Draft Pep (was: Re: Let's Talk About Lambda Functions!)

Terry Reedy tjreedy at udel.edu
Mon Aug 5 18:57:20 CEST 2002

"Bryan Olson" <fakeaddress at nowhere.org> wrote in message
news:3D4E2E87.9070308 at nowhere.org...
> I tried to do that in a previous response.  Python should have a
> procedure builder which does not assign the procedure to a name,
> procedure in Python are first-class values and do not have intrinsic
> names.

All objects in Python are first class, at least in most regards
(exceptions?).  Most do not have names as a property of the object.
They either do not need one or there is not an obvious candidate.  But
there are three exceptions -- functions (usually), classes, and
modules.  The purpose is to provide a string representation that
directs one to the source code that defined the object, since this is
usually what one wants instead of a literal representation of the
object as with numbers, strings, and containers.

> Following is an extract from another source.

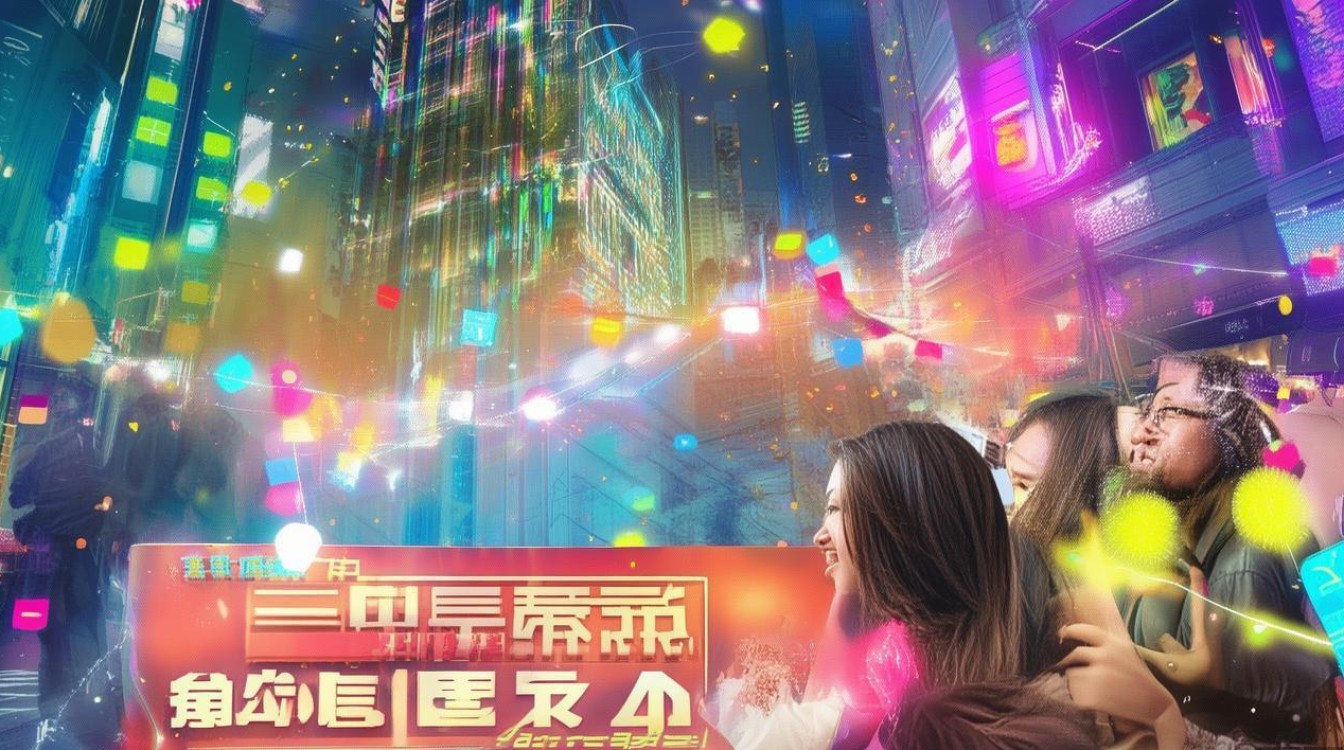 抖音24小时业务，真的便宜到不可思议吗？-图3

Confusion arises because the word 'name' is used for two quite
separate meanings: bound label, which can attached to or detached from
any object, and permanent, internal definition name, which only
applies to the three types listed above.  Perhaps it would help if
'assignment' were described as 'label sticking' rather than 'name
binding'.  Attaching and removing labels is something most of us have
done in 'real' life.  Binding names (whatever that is) is not.